Singer Capital Markets Limited, which is authorised and regulated by the 
Financial Services Authority, is acting exclusively for Portrait Software plc 
and for no-one else in connection with the Offer and is not advising any other 
person and accordingly will not be responsible to anyone other than Portrait 
Software plc for providing the protections afforded to clients of Singer Capital 
Markets Limited nor for giving advice in relation to the Offer or the contents 
of this document. 
The Offer is not being made, directly or indirectly, in, into or from, or by use 
of the mails of, or by any means of instrumentality (including electronically or 
by facsimile transmission, internet, email, telex or telephone) of interstate or 
foreign commerce of, or any facility of a national, state or other securities 
exchange of, the United States, Australia, Canada, Japan, the Republic of South 
Africa or any other Prohibited Jurisdiction if to do so would constitute a 
violation of the relevant laws in such other jurisdiction and, subject to 
certain exceptions, the Offer cannot be accepted by any such use, means, 
instrumentality or facility or from within the United States, Australia, Canada, 
Japan, the Republic of South Africa or any other Prohibited Jurisdiction if to 
do so would constitute a violation of the relevant laws in such other 
jurisdiction.  Accordingly, copies of this announcement, the Offer Document, the 
Form of Acceptance and any related or accompanying document are not being, and 
must not be, directly or indirectly, mailed, distributed, transmitted, forwarded 
or otherwise sent, in whole or in part, in, into or from the United States, 
Australia, Canada, Japan, the Republic of South Africa or any other Prohibited 
Jurisdiction.  Doing so may render invalid any purported acceptance of the 
Offer.  All Portrait Shareholders or other persons (including nominees, trustees 
or custodians)receiving this announcement, the Offer Document, the Form of 
Acceptance or any related or accompanying document should not distribute, mail, 
transmit, forward or send them or any of them in, into or from the United 
States, Australia, Canada, Japan, the Republic of South Africa or any other 
Prohibited Jurisdiction or use such mails or any such means, instrumentality or 
facility for any purpose related to the Offer. 

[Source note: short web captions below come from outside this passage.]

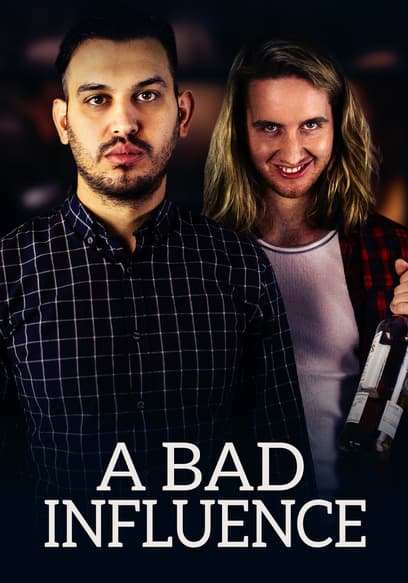Watch A Bad Influence (2023) - Free Movies | Tubi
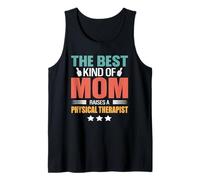 The Best Kind of Mom Raises A Physical Therapist Mothers Day Canotta
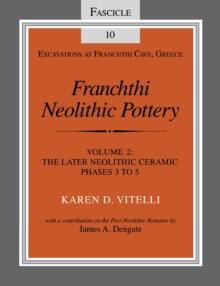 Franchthi Neolithic Pottery, Volume 2, vol. 2 : The Later Neolithic Ceramic Phases 3 to 5, Fascicle 10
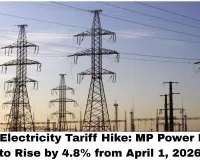 April Electricity Tariff Hike: MP Power Rates to Rise by 4.8% from April 1, 2026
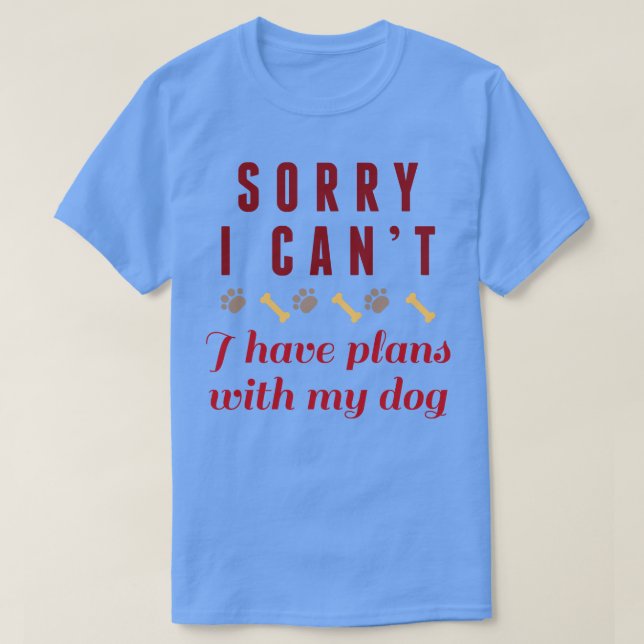 Sorry I Cant 2 T-Shirt (Design Front)
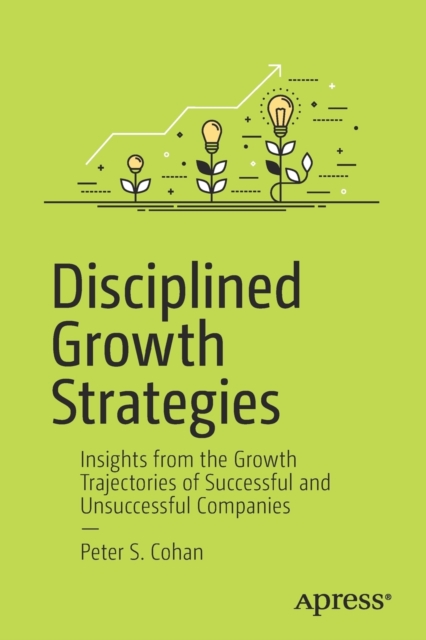 Disciplined Growth Strategies : Insights from the Growth Trajectories of Successful and Unsuccessful Companies, Paperback / softback Book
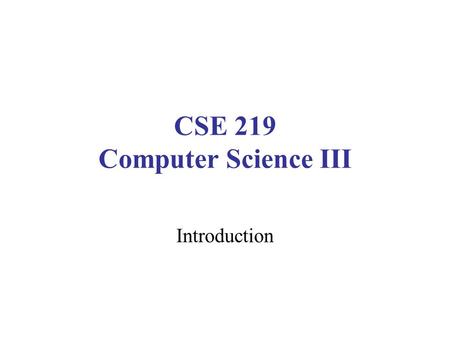 CSE 219 Computer Science III
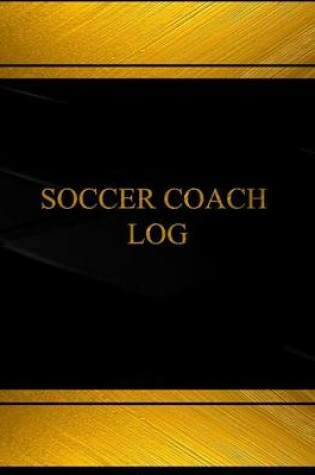 Cover of Soccer Coach Log (Log Book, Journal - 125 pgs, 8.5 X 11 inches)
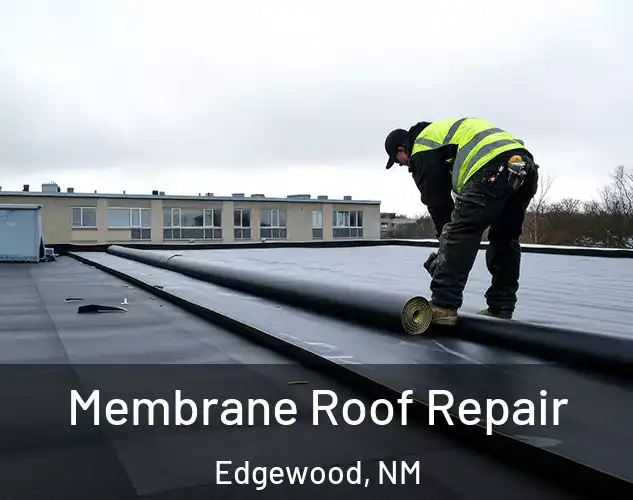  Membrane Roof Repair Edgewood, NM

It is the responsibility of each Overseas Shareholder to inform himself, herself 
or itself about and observe any applicable legal requirements.  No Overseas 
Shareholder receiving a copy of this announcement and/or any other documentation 
relating to the Offer in a Prohibited Jurisdiction may treat the same as 
constituting an invitation or offer to him and in such circumstances, this 
announcement and/or any other documentation relating to the Offer are sent for 
information only.  It is the responsibility of any Overseas Shareholder 
receiving a copy of this announcement and/or any other documentation relating to 
the Offer in any jurisdiction outside the United Kingdom who wishes to accept 
the Offer to satisfy himself as to the full observance of the laws and 
regulatory requirements of that jurisdiction in connection with the Offer, 
including obtaining any governmental, exchange control or other consents which 
may be required, and compliance with any other necessary formalities which need 
to be observed and the payment of any transfer or other taxes or duties that may 
be or become due under the laws of such jurisdiction.  Any such Overseas 
Shareholder will be responsible for any such transfer or other taxes or duties 
by whomsoever payable and Pitney Bowes, Inc. and Pitney Bowes MapInfo UK Limited 
(and any person acting on behalf of Pitney Bowes, Inc. or Pitney Bowes MapInfo 
UK Limited) shall be fully indemnified and held harmless by such Overseas 
Shareholder for any such transfer or other taxes or duties or other requisite 
payments as Pitney Bowes, Inc. or Pitney Bowes MapInfo UK Limited (and any 
person acting on behalf of Pitney Bowes, Inc. or Pitney Bowes MapInfo UK 
Limited) may be required to pay. 
This announcement has been prepared for the purpose of complying with English 
law and the City Code and the information disclosed may not be the same as that 
which would have been disclosed if this announcement had been prepared in 
accordance with the laws of jurisdictions outside England, including those of 
the United States. 
Dealing Disclosure Requirements 
Under Rule 8.3(a) of the City Code, any person who is interested in one per 
cent. or more of any class of relevant securities of an offeree company or of 
any paper offeror (being any offeror other than an offeror in respect of which 
it has been announced that its offer is, or is likely to be, solely in cash) 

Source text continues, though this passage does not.